Penn State researchers are examining how students with or at-risk for disabilities can be better helped as they attend U.S. schools, through two new projects totaling nearly $1.2 million being funded by the National Center for Special Education Research, U.S. Department of Education’s Institute of Education Sciences.
Paul Morgan, Harry and Marion Eberly Fellow, professor of education and demography, and director of the Social Science Research Institute’s Center for Educational Disparities, is principal investigator of a project that is examining which students are being identified as having disabilities while attending U.S. schools.
Federal legislation and regulations require U.S. school districts to monitor whether students of color are overrepresented in special education. School districts reporting overrepresentation that exceeds pre-specified risk ratio thresholds are required to take corrective action including reallocating up to 15% of their federal special education funding.
Morgan’s previous work has consistently found that students of color are less likely, on average, to be identified as having disabilities than similarly situated students who are white.
“With the current project, we’ll further examine nationally representative data sets of students attending U.S. schools including at-risk subpopulations such as students with disabilities, racial/ethnic minorities, low-income students, and language minorities,” said Morgan. “The lack of access to services based on race, ethnicity, or national origin may be exacerbating educational disparities in the U.S.”

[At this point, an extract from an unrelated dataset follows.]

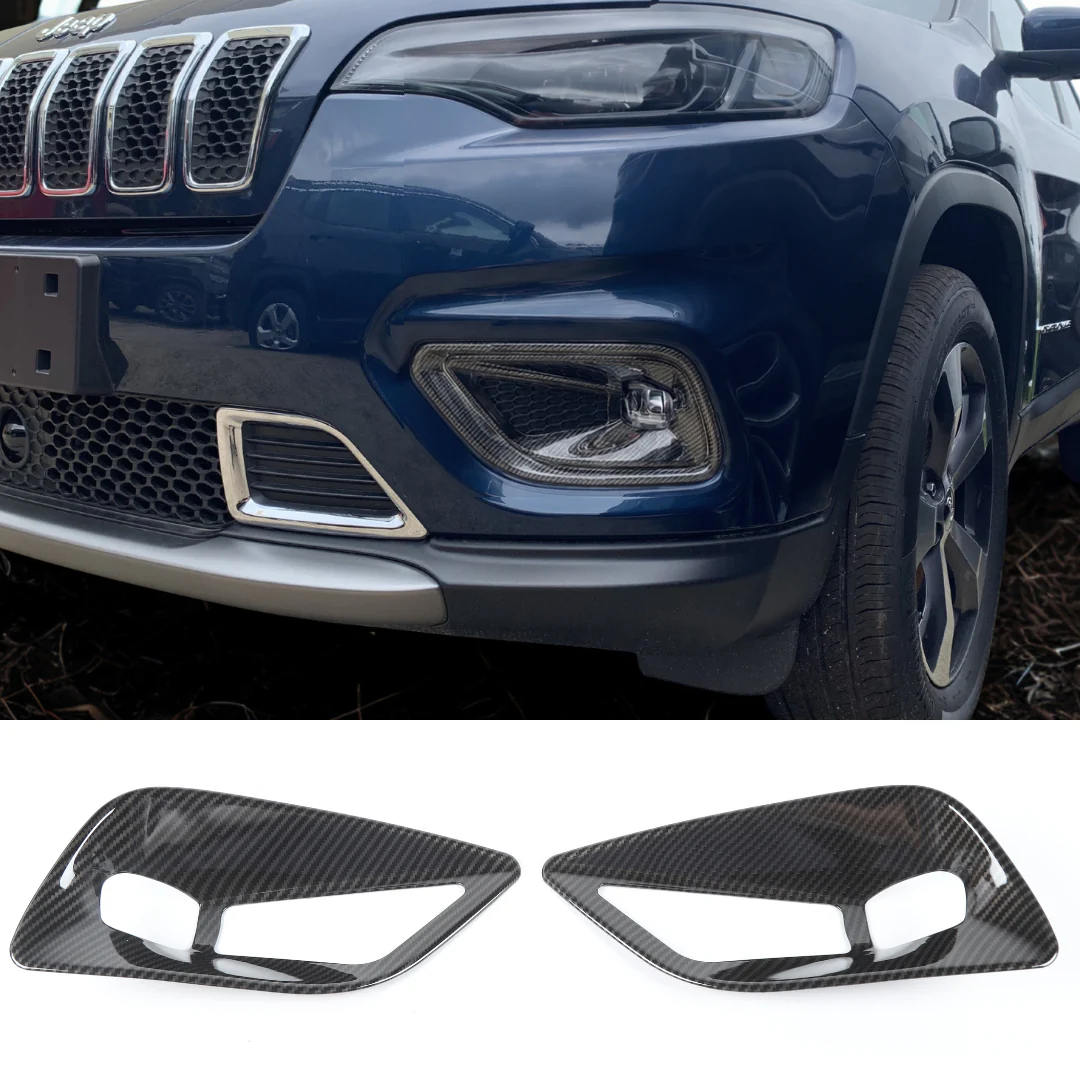 For 2019+ Jeep Cherokee Overland Latitude Limited Front Fog Lamp Light Bezels Trim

The researchers will examine five sets of research questions and compare data from the Early Childhood Longitudinal Studies of 1999 and 2011 as well as cross-sectional surveys of the National Assessment of Educational Progress. They will examine how racial/ethnic disparities for special education in kindergarten through fifth grade has changed including changes for students with specific disability conditions and the benefits to students of receiving special education services.